The Tower Building was a structure in the Financial District of Manhattan, New York City, located at 50 Broadway on a lot that extended east to New Street. It was arguably New York City's first skyscraper, and the first building with a steel skeleton structure.

== History ==
Architect Bradford Gilbert filed plans for its construction on April 17, 1888, it was completed on September 27, 1889 and demolished beginning in 1913.

Though it was 108 ft deep, the building had just 21.5 ft of frontage on Broadway, necessitating its novel design. Chicago's Home Insurance Building (completed 1884) was the first to use structural steel, but that building did not fully support its masonry elements on the steel frame. On the narrow lot, a conventional design with load-bearing masonry walls would have left little room on the ground floor, but architect Gilbert asked, "Why can't I run my foundation far up in the air and then begin my building?" Gilbert's design came from a railroad bridge turned on its end. Cast iron columns about 20 ft apart formed the skeleton, and the walls of each floor hung on a "shoe" instead of transmitting the load to the wall of the floor below. The resulting structure was 128 ft in height, and 11 stories high. Gilbert made models to convince the city to permit the construction of his unusual design. It was quickly followed by taller steel-skeleton buildings, including the Columbia Building in 1890.
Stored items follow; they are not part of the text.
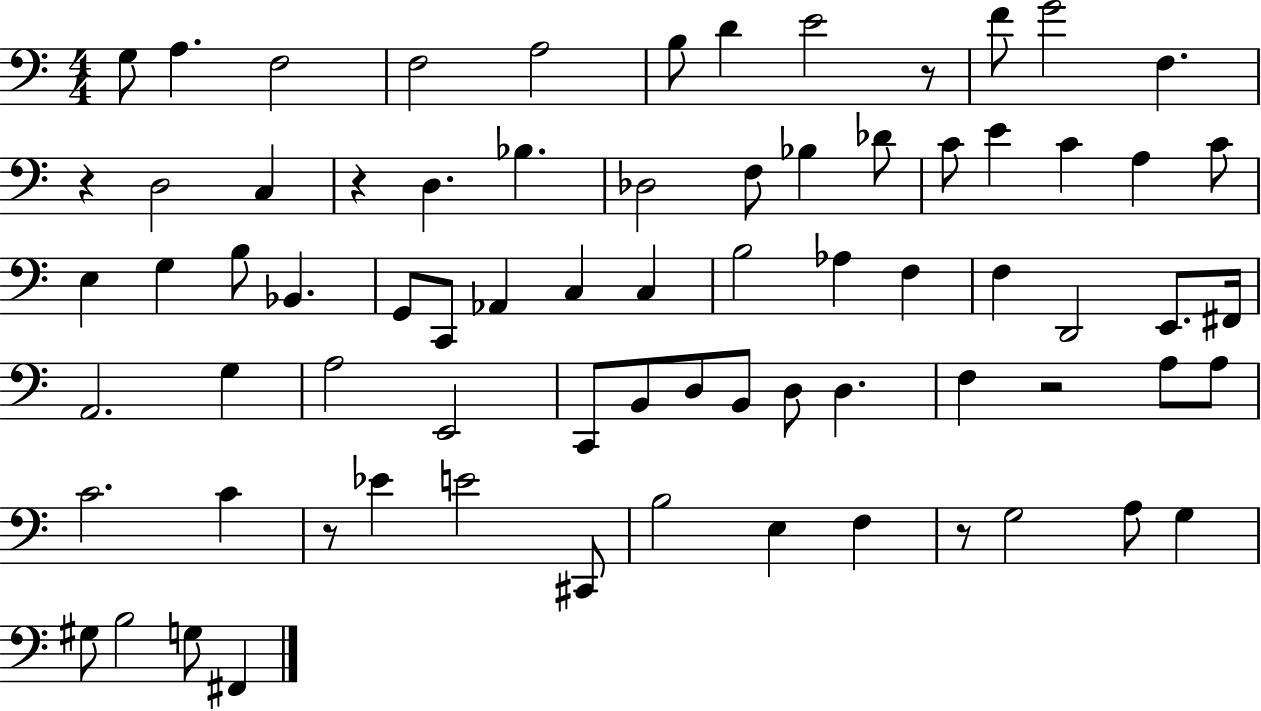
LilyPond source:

{
  \clef bass
  \numericTimeSignature
  \time 4/4
  \key c \major
  g8 a4. f2 | f2 a2 | b8 d'4 e'2 r8 | f'8 g'2 f4. | \break r4 d2 c4 | r4 d4. bes4. | des2 f8 bes4 des'8 | c'8 e'4 c'4 a4 c'8 | \break e4 g4 b8 bes,4. | g,8 c,8 aes,4 c4 c4 | b2 aes4 f4 | f4 d,2 e,8. fis,16 | \break a,2. g4 | a2 e,2 | c,8 b,8 d8 b,8 d8 d4. | f4 r2 a8 a8 | \break c'2. c'4 | r8 ees'4 e'2 cis,8 | b2 e4 f4 | r8 g2 a8 g4 | \break gis8 b2 g8 fis,4 | \bar "|."
}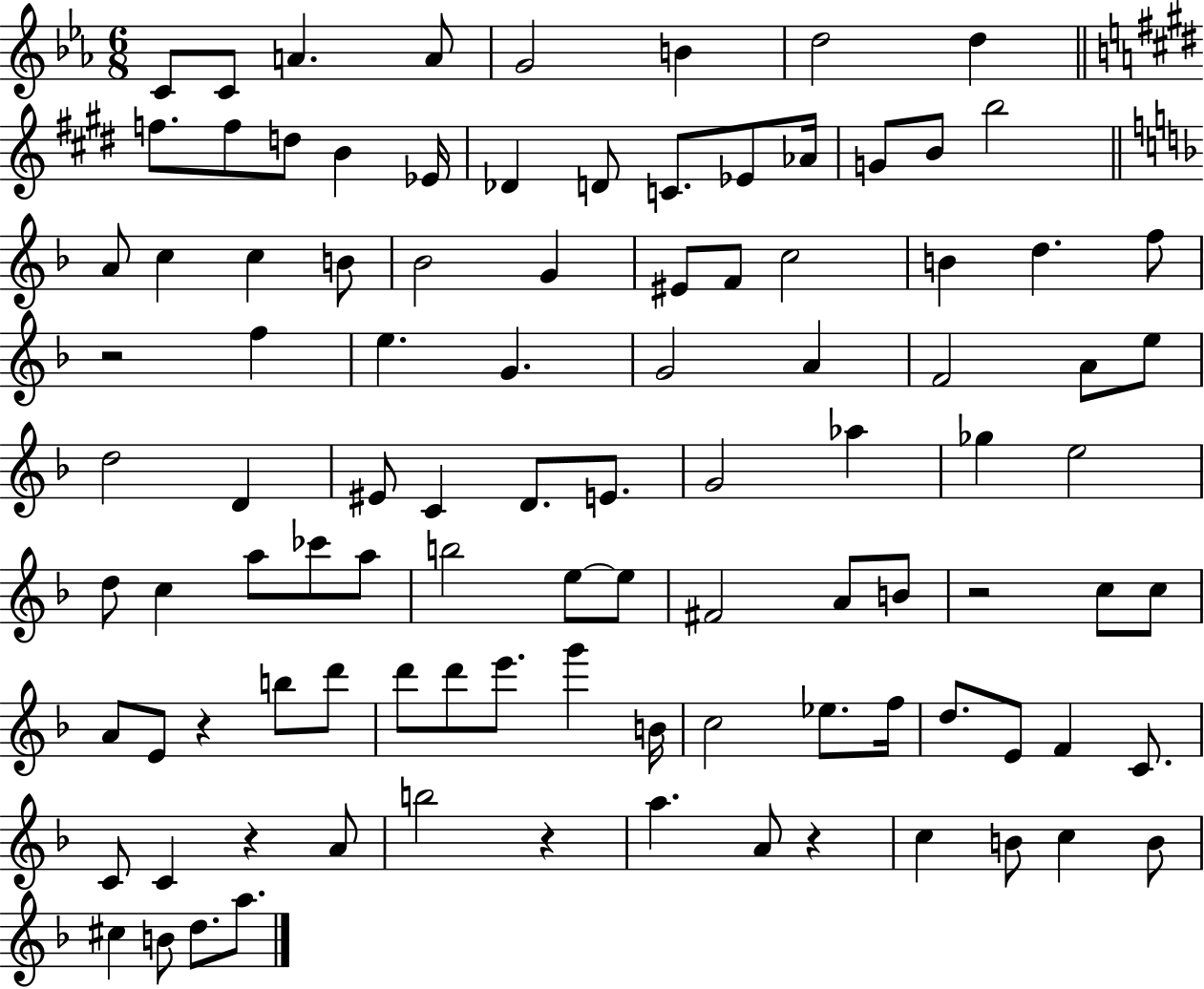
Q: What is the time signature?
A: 6/8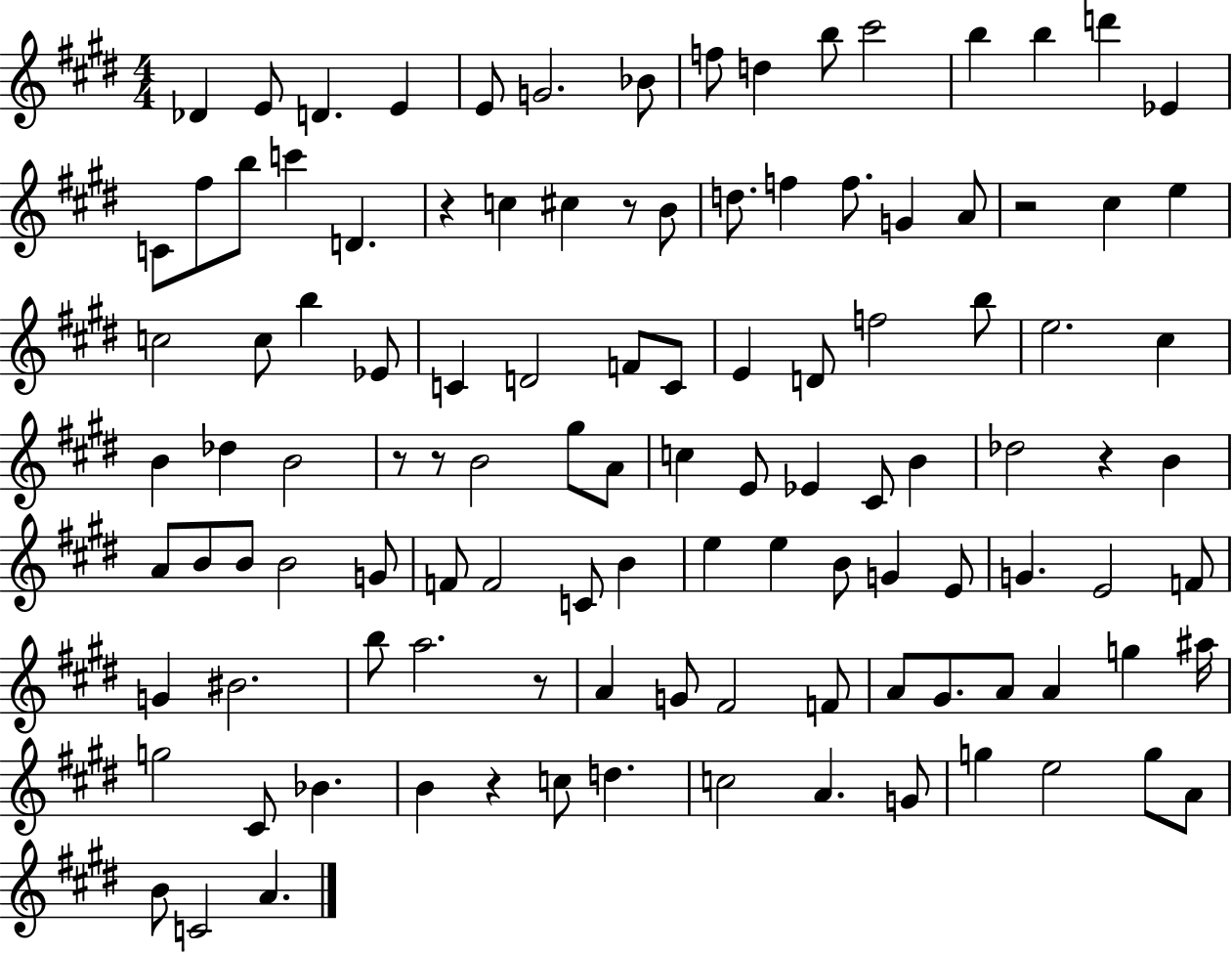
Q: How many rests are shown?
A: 8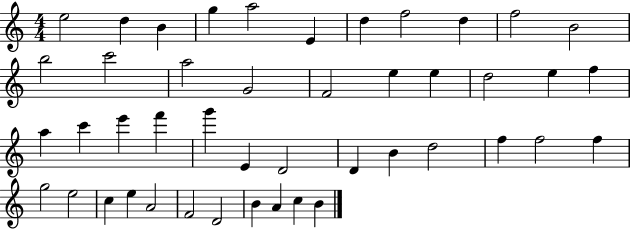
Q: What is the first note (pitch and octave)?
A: E5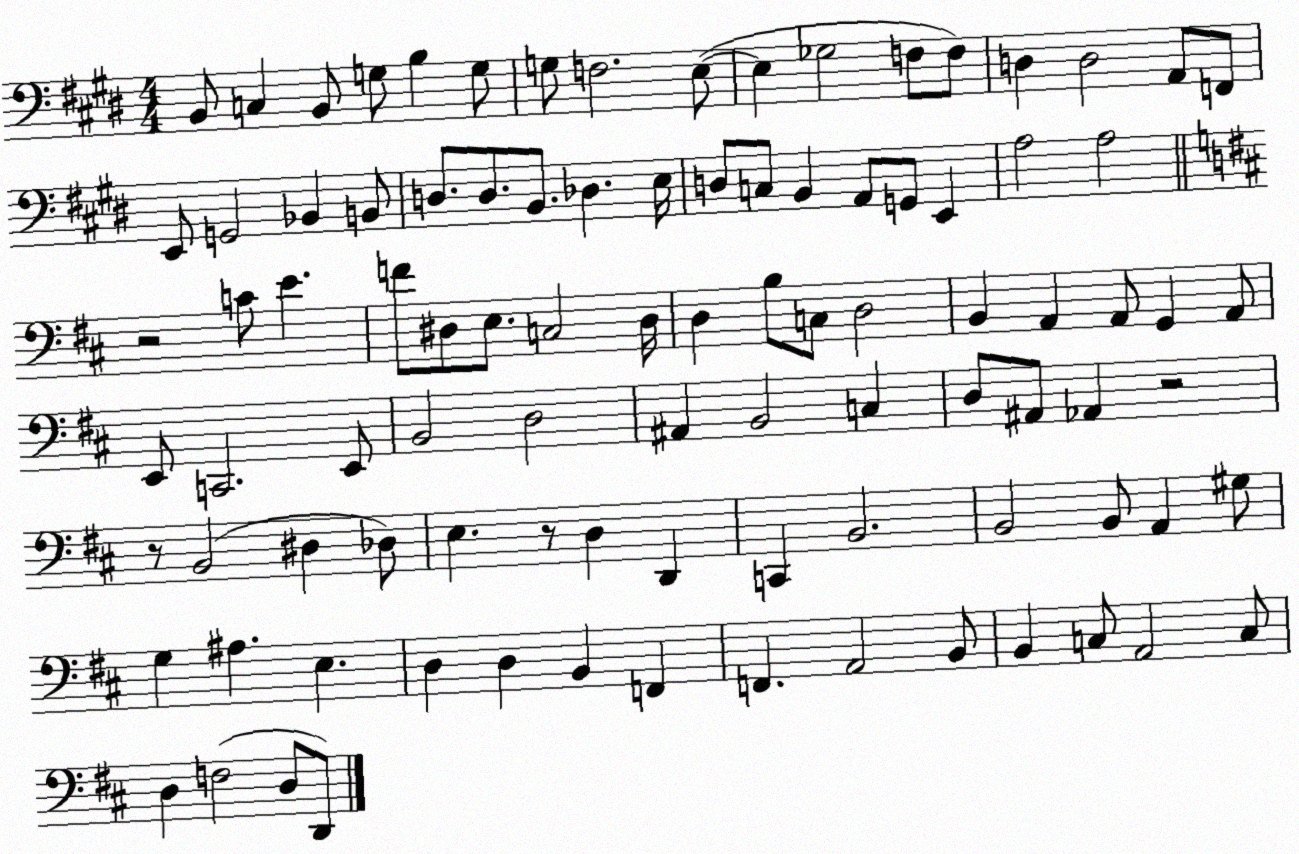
X:1
T:Untitled
M:4/4
L:1/4
K:E
B,,/2 C, B,,/2 G,/2 B, G,/2 G,/2 F,2 E,/2 E, _G,2 F,/2 F,/2 D, D,2 A,,/2 F,,/2 E,,/2 G,,2 _B,, B,,/2 D,/2 D,/2 B,,/2 _D, E,/4 D,/2 C,/2 B,, A,,/2 G,,/2 E,, A,2 A,2 z2 C/2 E F/2 ^D,/2 E,/2 C,2 ^D,/4 D, B,/2 C,/2 D,2 B,, A,, A,,/2 G,, A,,/2 E,,/2 C,,2 E,,/2 B,,2 D,2 ^A,, B,,2 C, D,/2 ^A,,/2 _A,, z2 z/2 B,,2 ^D, _D,/2 E, z/2 D, D,, C,, B,,2 B,,2 B,,/2 A,, ^G,/2 G, ^A, E, D, D, B,, F,, F,, A,,2 B,,/2 B,, C,/2 A,,2 C,/2 D, F,2 D,/2 D,,/2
The Tower Building was sold by John N. Stearns in 1905, along with two adjacent buildings, for a reported price of about $1.5 million. In 1909, Morris Building Company, a holding company of Standard Oil Company, purchased it in foreclosure for $1.68 million. No longer profitable by 1913 due to its lack of tenants, it was vacated in December of that year and demolition began. Demolition was complete in 1914; at this point the tallest building in New York, the Woolworth Building, was 792 ft.